Kryptowire researchers found the backdoor hidden in two system applications:

  • com.adups.fota.syoper
  • com.adups.fota

Users can’t remove or disable either of these apps. The smartphone they examined was the BLU R1 HD. Upon discovering the backdoor, Kryptowire immediately alerted Google, AdUps and Amazon. Amazon is the sole distributor of this particular model. The server domains that the backdoor sent information to:

  • bigdata.adups.com (main server)
  • bigdata.adsunflower.com
  • bigdata.adfuture.cn
  • bigdata.advmob.cn

All of these domain names resolved to the IP address 221.228.214.101, which belongs to AdUps. Before the phone transmits user info, it checks in with a remote server using a REST API. The REST API ensures the phone collects the right info. An example of a check-in response:

{
    "json": {
        "keys": [
            {
                "given": "0",
                "keyword": "",
                "type": "1"
            }
        ],
        "poll_cycle": "24"
    },
    "md5": " B865B089A298D529B4602A3D359FE4C8"
}

The service encrypts each user’s text messages using Data Encryption Standard (DES). Researchers were able to recover the encryption key, however. Each phone sent text messages back to the server every 72 hours, while other data had a schedule of 24 hours.

Conclusion

A spokesperson for BLU Products made a statement, saying:

“BLU Products has identified and has quickly removed a recent security issue caused by a third-party application…our customers’ privacy and security are of the upmost [sic] importance and priority…”
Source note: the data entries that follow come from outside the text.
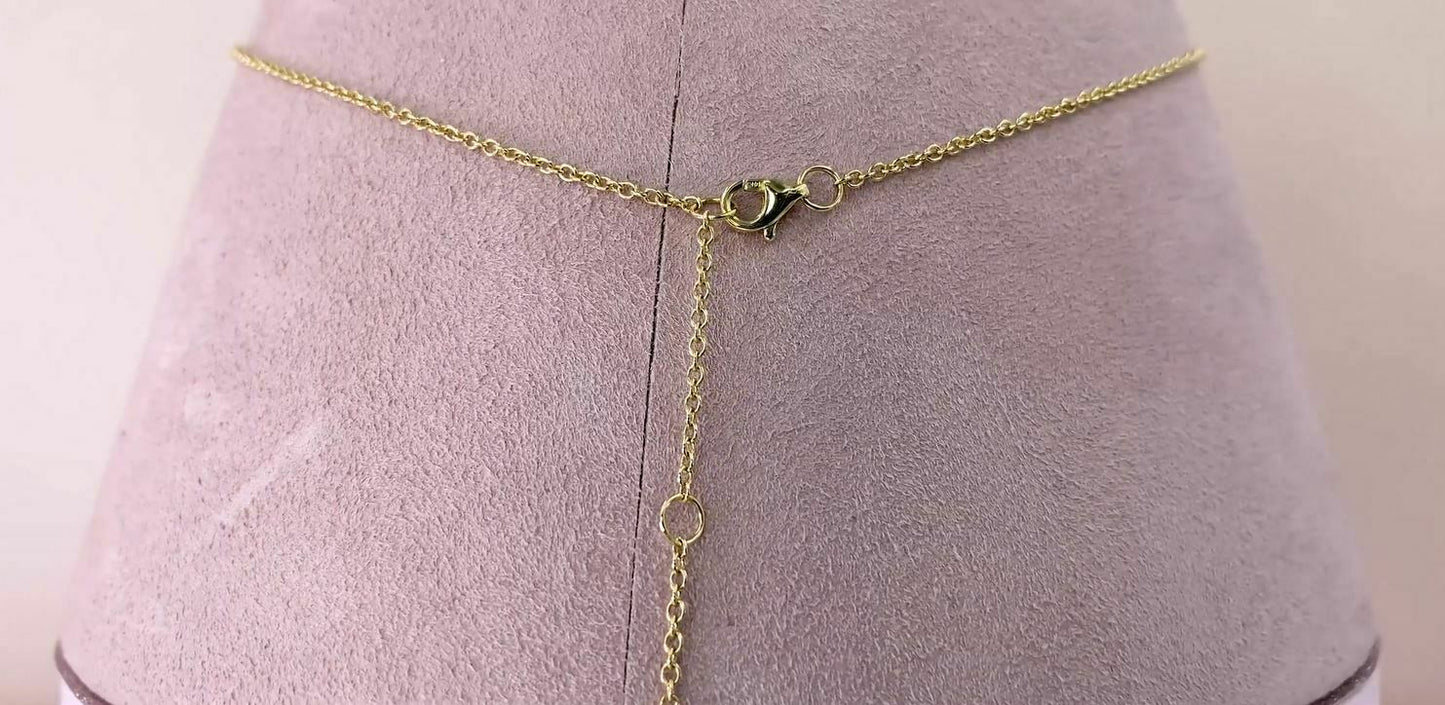 14K Gold 1.57CT Diamond Heart Necklace Pave Open Natural Round Cut Womens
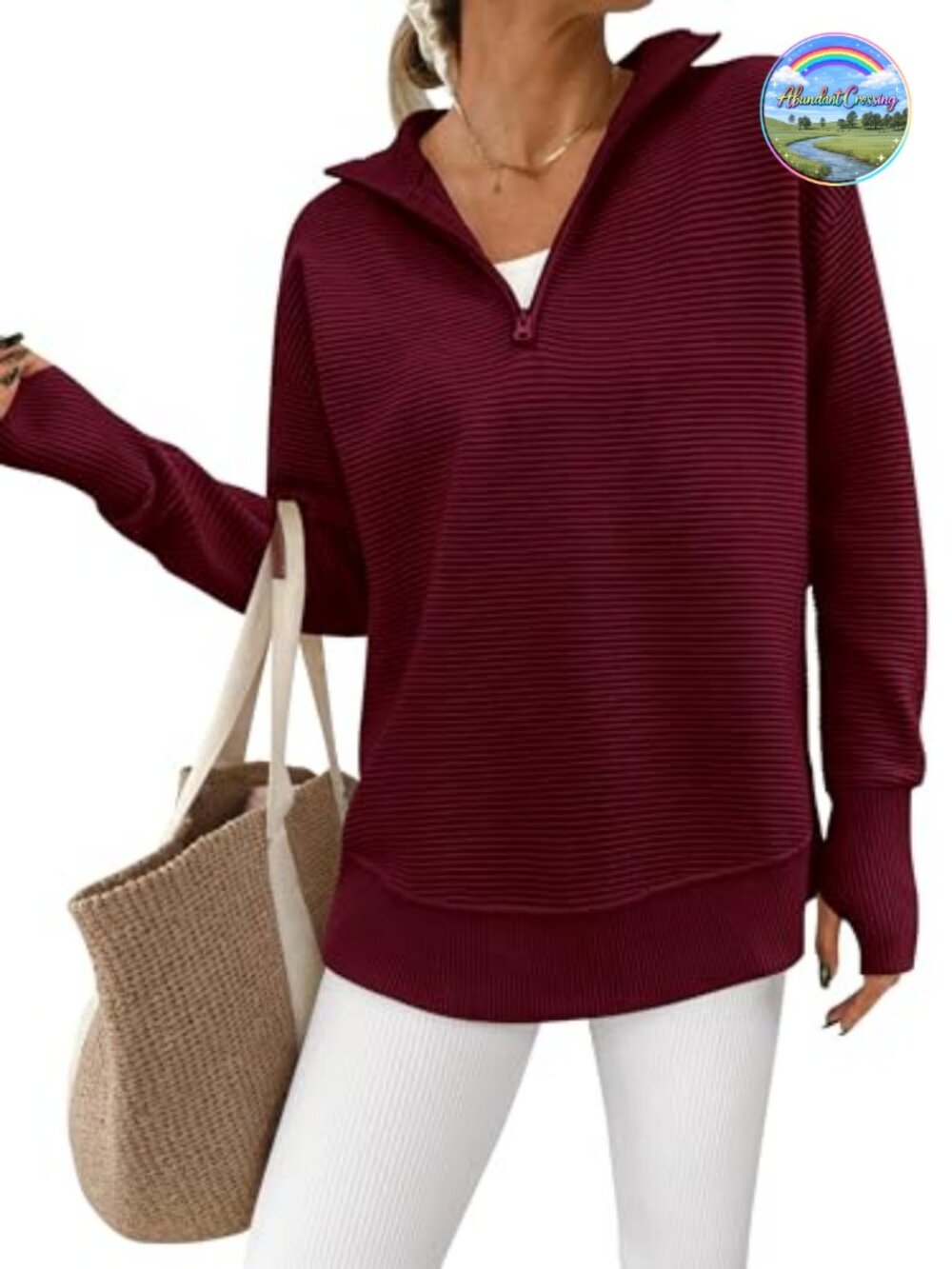 Womens Long Sleeve Quarter Zip Ribbed Knit Pullover Sweater Loose Fit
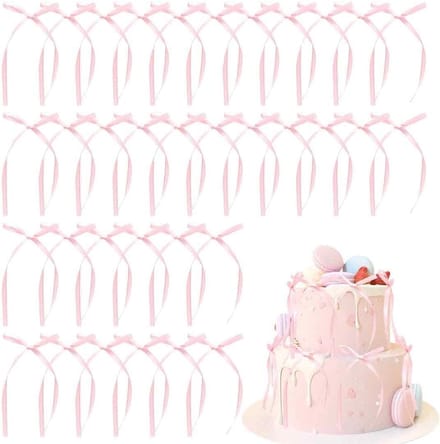 Cake decoraties 50 stuks - roze wedding cake versiering - elegante strik - m-winkel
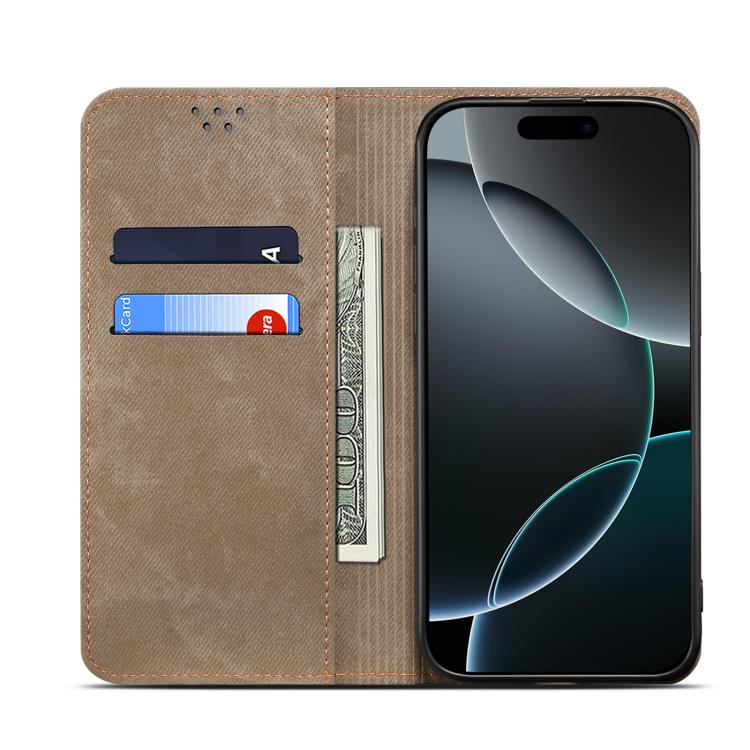 Denim Texture Casual Style Horizontal Flip Leather Case, For iPhone 16e, For iPhone 16 Pro Max, For iPhone 16 Pro, For iPhone 16 Plus, For iPhone 16, For iPhone 15 Pro Max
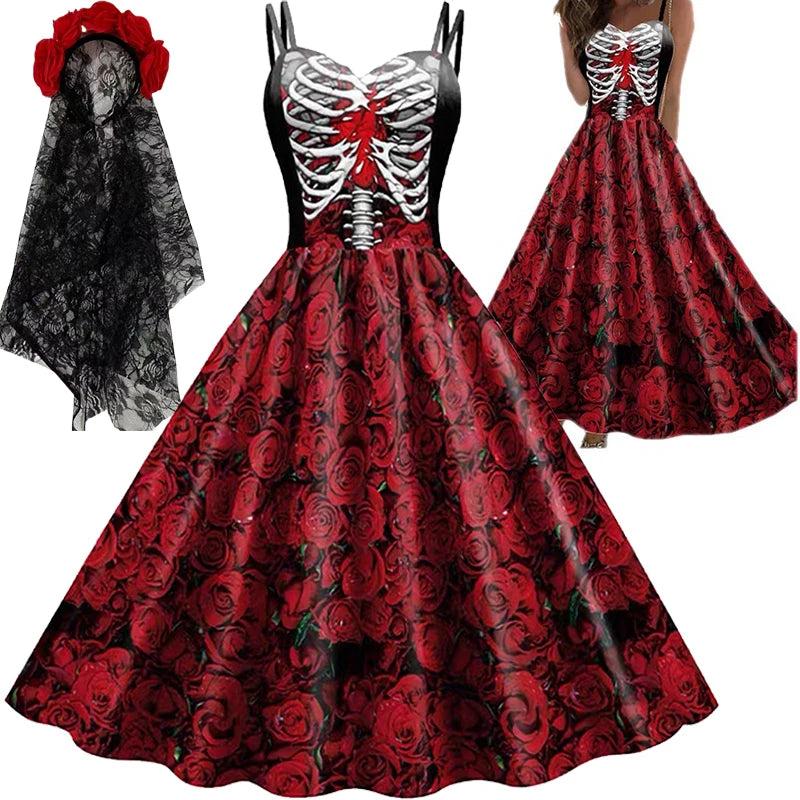 Skull Print Goth Dress - halter Halloween party dress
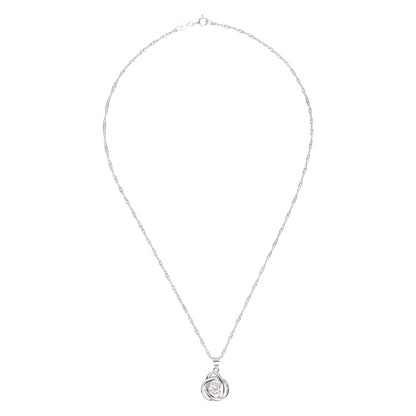 Round Knot Pendant Necklace with Cubic Zirconia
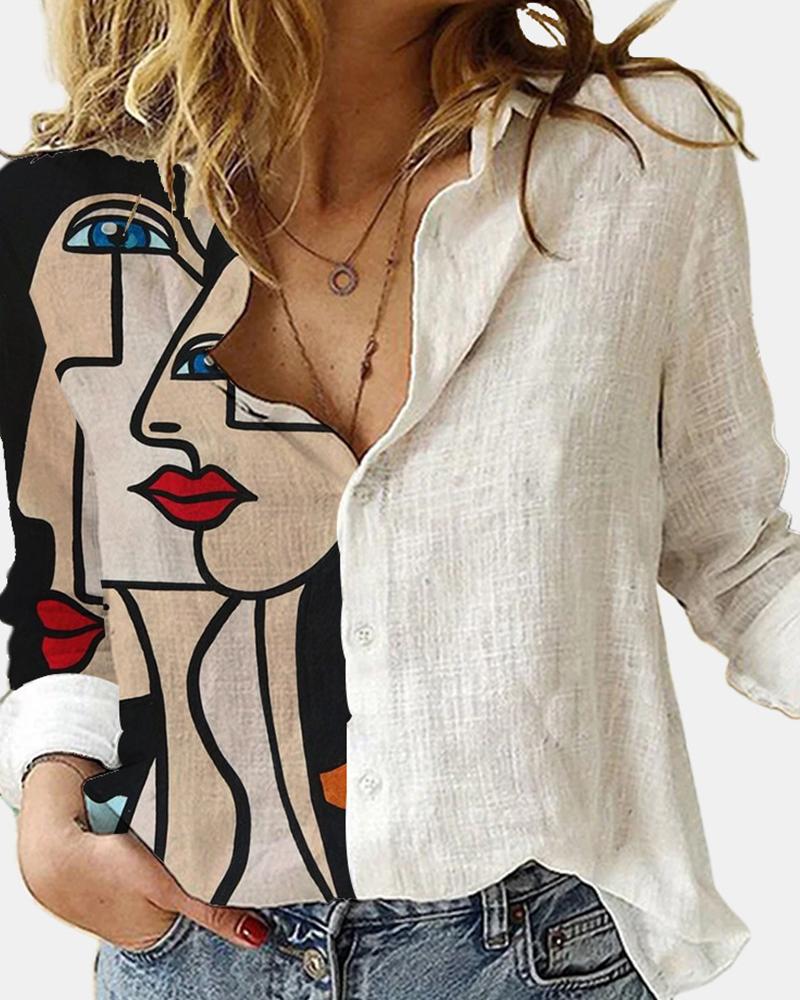 

Abstract Print Long Sleeve Splicing Blouse, White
Google also issued a statement saying that it’s working with all parties to fix the problem. However, the company doesn’t know how widely AdUps spread the vulnerability. Lily Lim, a lawyer representing AdUps, said that the company intended the backdoor to help them identify junk messages and calls. Aside from the particular BLU phone model, AdUps hasn’t revealed a list of all phones that the backdoor affected.